カテゴリー: 会見メモ, 政治/外交/国際/軍事

2013/05/15  23:38


帰国会見する申駐日韓国大使

帰国会見する申駐日韓国大使

 

テーマ:申珏秀(シン・ガクス)駐日韓国大使会見
日本記者クラブ@2013年5月15日

●申大使は2年の任期を終え、近く帰国する。帰国に当たって日本記者クラブで記者会見した。

●歴史認識については「誠意と信頼」の精神で取り組むべき問題だ。韓日両国の歴史教育についても古代史からではなく、現代史から学ぶべきではないか。

●(東日本大震災の被災地視察で安倍晋三首相が12日、航空自衛隊松島基地で試乗した航空自衛隊機の機体番号が「731」だったことから、韓国メディアが細菌兵器の人体実験を行った旧日本軍731部隊を連想させる「挑発だ」と問題視していることについて) いじめは韓国でも重要な問題だ。加害者は何とも思っていないが、被害者は一生,、心に後遺症を持つ。被害者と加害者との間に乖離が存在する。「731」を被害者がどう受け止めているかを考えてもらいたい。「気配り」は日本人の長所だと思っている。

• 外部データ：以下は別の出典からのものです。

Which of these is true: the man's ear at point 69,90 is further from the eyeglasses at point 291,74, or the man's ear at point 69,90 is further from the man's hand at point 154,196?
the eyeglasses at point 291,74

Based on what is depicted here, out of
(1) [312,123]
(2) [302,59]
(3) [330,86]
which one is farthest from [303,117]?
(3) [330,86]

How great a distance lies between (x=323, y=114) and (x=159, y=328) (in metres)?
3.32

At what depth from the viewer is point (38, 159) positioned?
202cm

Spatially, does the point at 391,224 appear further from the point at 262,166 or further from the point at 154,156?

15日のソウル発時事通信報道によると、防衛省幹部は「731」について「全くの偶然だ。報道されていると聞いて(初めて)気づいた」とし、菅義偉官房長官も15日の会見で、「あえてそんなことをするはずがない」と述べたが、やはりこれは「加害者的発想」だろう。

最初に報道した韓国メディアは14日付の夕刊紙・文化日報。どうやらニュースソースは米国のオンラインニュースメディア「ネルソン・リポート」。政治記者クリス・ネルソン氏のコネクションで得たインサイダー情報で、「(731という数字が浮き彫りになった)安倍首相のこの写真は、ドイツ首相がふざけてナチス親衛隊の制服を着て登場するようなレベル」と報道。それをネタに他の韓国紙も追随報道に走った。

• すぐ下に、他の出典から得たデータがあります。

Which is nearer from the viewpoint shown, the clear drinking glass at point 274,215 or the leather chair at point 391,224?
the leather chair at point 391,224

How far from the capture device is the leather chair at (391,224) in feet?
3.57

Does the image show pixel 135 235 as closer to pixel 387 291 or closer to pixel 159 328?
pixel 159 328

時事電によれば、聯合ニュースは「今回の問題を最初に取り上げ、韓国紙も引用したネルソン・リポートは、日本側の説明を聞いて誤解が解けたとして、訂正文を出した」という。韓国紙はどう反応するか興味深いが、恐らくネルソン・リポートのような訂正はないだろう。

韓国紙のレベルの低さは大いに問題だ。菅官房長官の説明に嘘、偽りはないと思う。しかし、韓国側が飛びつくようなネタを日本側が与える迂闊さ、無神経さも同様に問題にしなければフェアではないのではないか。